I had a talk with one of the experienced power guys about this topic and his general comment was tread lightly. The crow bar regulation as ugly as it is works because there is substantial source resistance in the stator. Basically the stator resistance limits the current when you short it. If you were to reduce that resistance by 1/2 say, you would increase the current by x2 when crow barring and either the stator or the R/R may not be able to take it. Other than that there are too many factors to generalize in this forum.

Without changing the stator, there is an extra 34 watts avaliable to the load if required so that is about a 20% increase in avaliable output power.

Pos

Like I said before, the EE who designed the RRs took into account the stator and it's unique characteristics.The stator impedance interacts with the Q of the circuit represented by resistance, reactance, phase, voltage, current and frequency. One thing to consider is the Honda stators are electrically very similar to the Suzuki stators. Their regulators are similar as well with the significant difference being the regulator reference and an obviously larger heatsink area. Other than that they are quite compatible.

I think that this comment is trying to suggest that the Honda regulator is a better match for the OEM stator than the FH012AA. It is using my comment for justification.

The point of my comments was that stators for "crow bar" control systems have to maintain a certain about of resistance in the wire. That means thinner wire and more windings.
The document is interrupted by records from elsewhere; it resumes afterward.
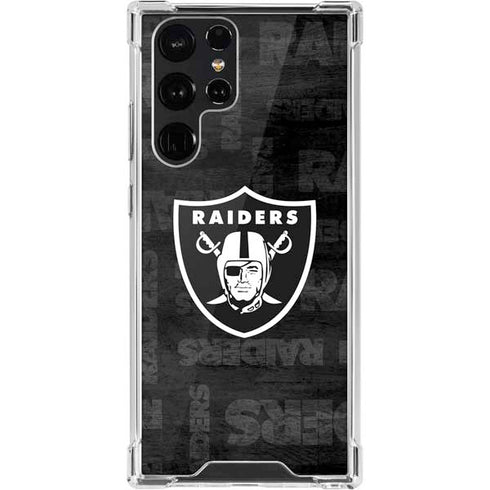 NFL Las Vegas Raiders Black & White Galaxy S22 Ultra Clear Case
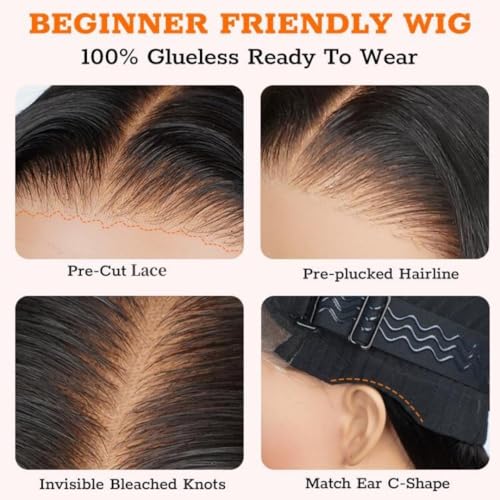 WestKiss 250 Density Body Wave Human Hair Wig Layered Cut Side Part Wig Human Hair 6x8 Lace Front Wigs Glueless Wigs Human Hair Wigs Pre Plucked Pre Cut For Black Women 16 Inch
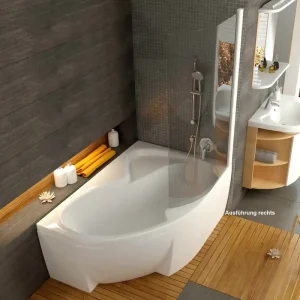 Raumspar Wanne 160 x 105 cm mit Schürze Weiß Kostenloser Versand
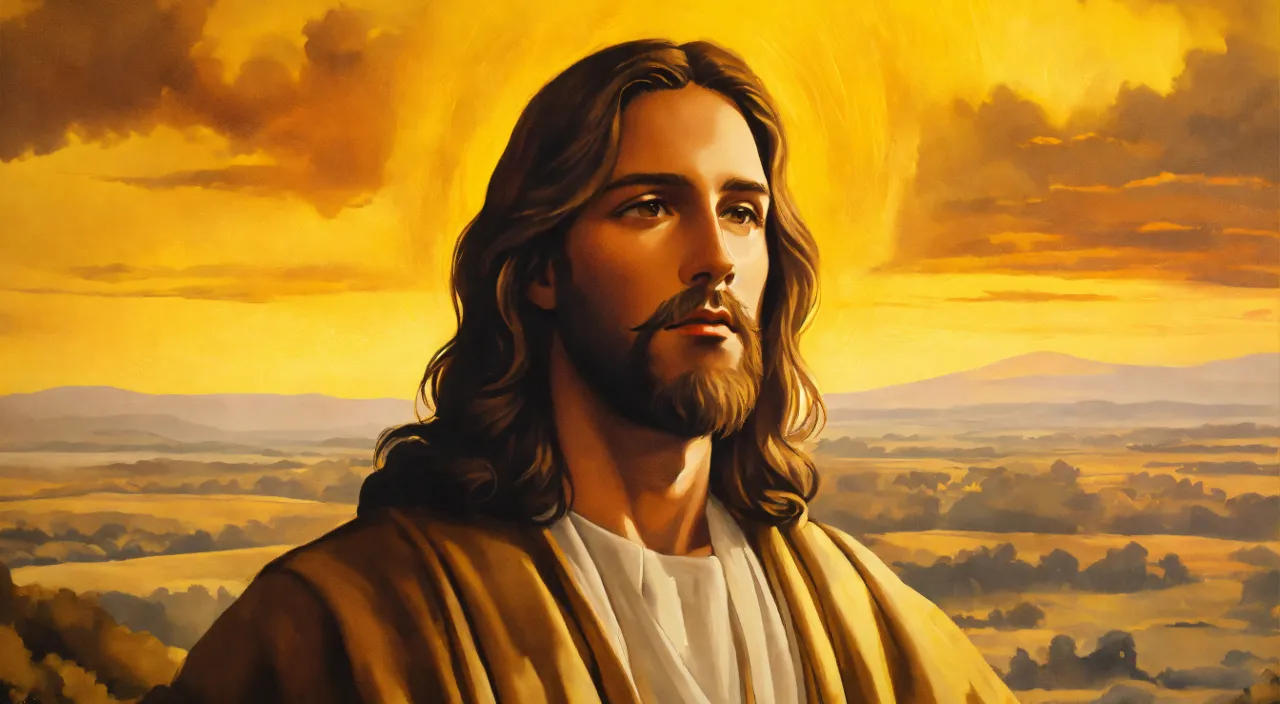 a painting of jesus in a golden robe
This is necessary because when the crow bar shorts out the stator coils, the stator and the R/R can fry unless there is sufficent resistance in the stator to limit the current.

The specific point being brought out is to not drop the stator impedance too much as if you do and short it's leads then you can fry it. It has little to nothing to do with a matching of the regulator to the stator. A R/R with crow bar control will short the stator whether it is OEM,HONDA or FH012AA.

Most all of the discussion has centered on a R/R that is efficient and can produce regulation in the face of minimum stator voltages. No where has the issue of MATCHING of R/R characteristics to Stator characteristics been discussed or described other than in duaneage prior post and baseless suggestion.

So in Jim's court I find the following statement as a not so subtle form of "fear mongering" to promote running to Honda regulators so that the last 5% of market share can be grabbed. In the interest of GS science I must protest.

There is nothing mis matched about a FH012AA on a GS stator as far as I can tell.


duaneage

I really was hoping you would not post such comments. Maybe you just don't know any better.

Pos

Jim,
Just another stone in the bush as we say.
I noticed some wiring diagrams for bikes using the FET R/R that have Delta configured stators, cannot recall the models now off the top of my head. I was wondering if the use of these would now be more "efficient and reliable" together with the FET 50A R/R.
Honda did try a model (VFR) or so with delta wound stators a few years ago and I think the charging on that bike was not very reliable and there were many problems with R/R's at the time and all sorts of fixes.
There are also star "heavy duty" stator rewinds and aftermarket ones advertised as giving say an extra 20% and being more robust etc etc.

Some great analysis work you have done here. I am looking forward to the comparison summary table between the two units!!
Keep up the good work.

Duanage,
I see what you are saying and I want to agree with you. Most of these "older" SCR R/R's around are mostly made and designed by Shindengin for Suzuki, Honda, Yamaha, Kawasaki etc and over the years some variants and improvements were made, such as Honda did not equip every bike with a sensing type R/R. Honda also used field regulation in the early 80's already. I saw some diagrams where Suzuki also used a reference R/R.
I would not be surprised if some different models have the exact same components inside them. I would also not expect the same manufacturer to specifically manufacture a less robust one for other manufacturers, but rather provide a proven design as per the rated capacity required.
My personal guess here is that Honda demanded a slightly higher current rated type and as such had a larger safety margin built in and maybe used this down to smaller bikes as well.

I have seen sites where people also bemoan the Honda charging problems. The VFR sites are examples.

Please keep on sharing your wealth of experience with us, as your service to the forum is very well respected and will be used by many until you pull the plug one day. The majority of owners just want a part and the info on how to connect it and is not much interested on the detail we are looking at here.
Keep well and keep adding to this thread!

I am one of those people that just want to know which one to use and how to wire it up. I've been reading this thread since it's beginning and understand next to nothing about the techinical aspects portions. The research, testing and time spent are greatly appreciated.

This is what I get out of this...we possibly have a more technically advanced r/r to use on our electrical challanged bikes. We do however, already have a great alternative with the use of the Honda r/r. It's proven it's effectivness over time.
So, over the past few days I've searched around the net for a FH012AA and found only two. Both were around $80-$100. They can be purchased new and the cheapest I found was about $120. If you can find one for less on the net or new...let me know.

My point is this, why would I spend $80-$100 for a part that I can get for $40 ??

Okay you guys can go back to the technical electrical stuff now.......